* **DIRECTIONS**: Please return every line of the material verbatim and skip any images.

* **SUPPLIED INFORMATION**:

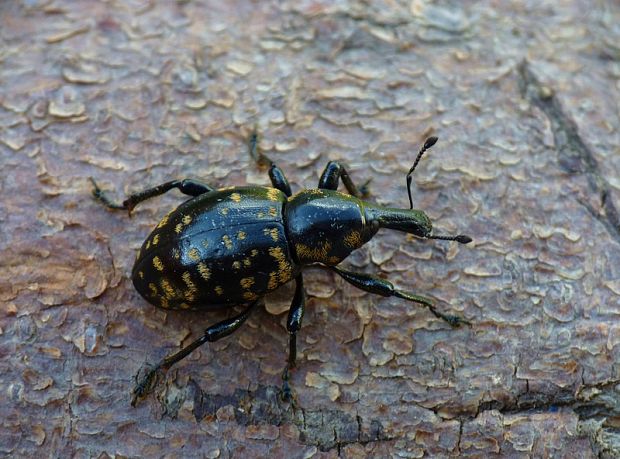 tvrdoň deväťsilový Liparus glabrirostris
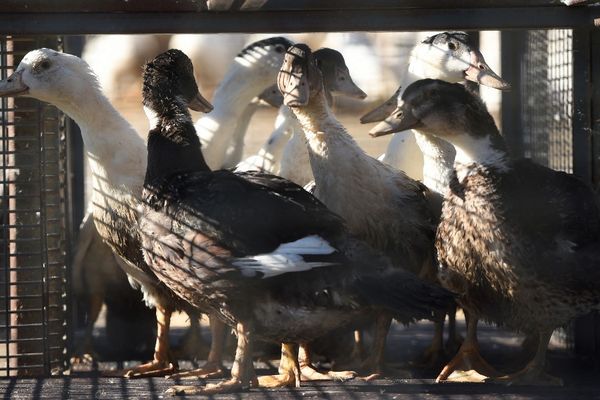 Depuis le début de l'épizootie en novembre, 16 millions d'oiseaux ont été abattus en France.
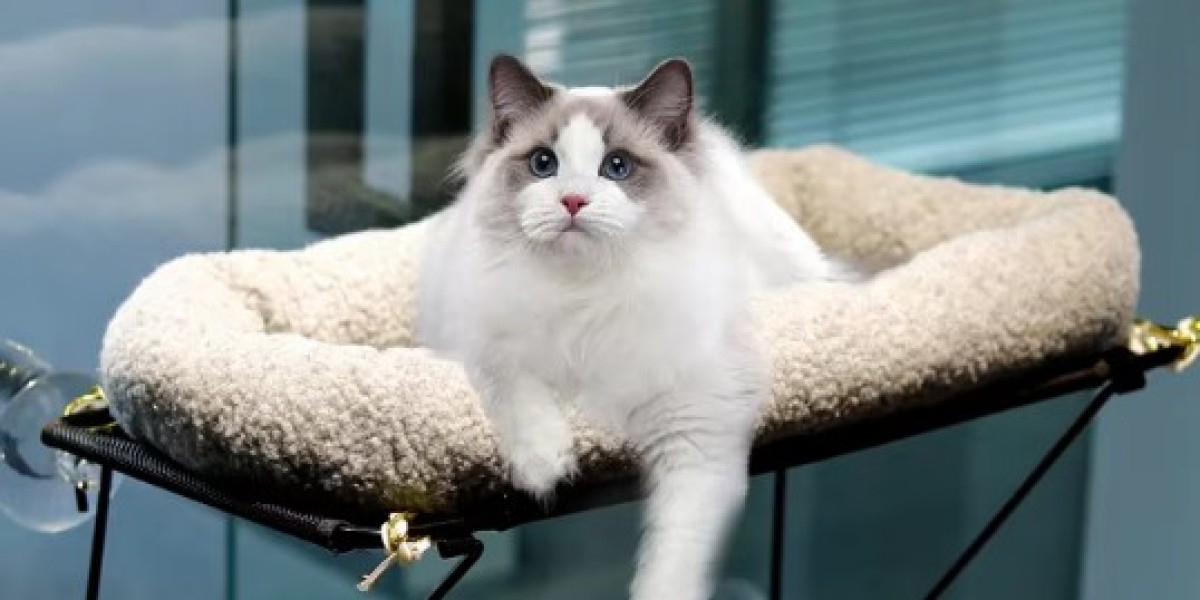 Understanding the Need for Litter Boxes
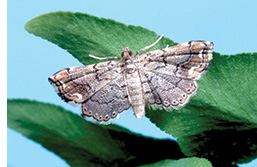 Leaf-feeding moth (Neomusotima conspurcatalis)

* **WRITTEN ANSWER**:
 tvrdoň deväťsilový Liparus glabrirostris
 Depuis le début de l'épizootie en novembre, 16 millions d'oiseaux ont été abattus en France.
 Understanding the Need for Litter Boxes
 Leaf-feeding moth (Neomusotima conspurcatalis)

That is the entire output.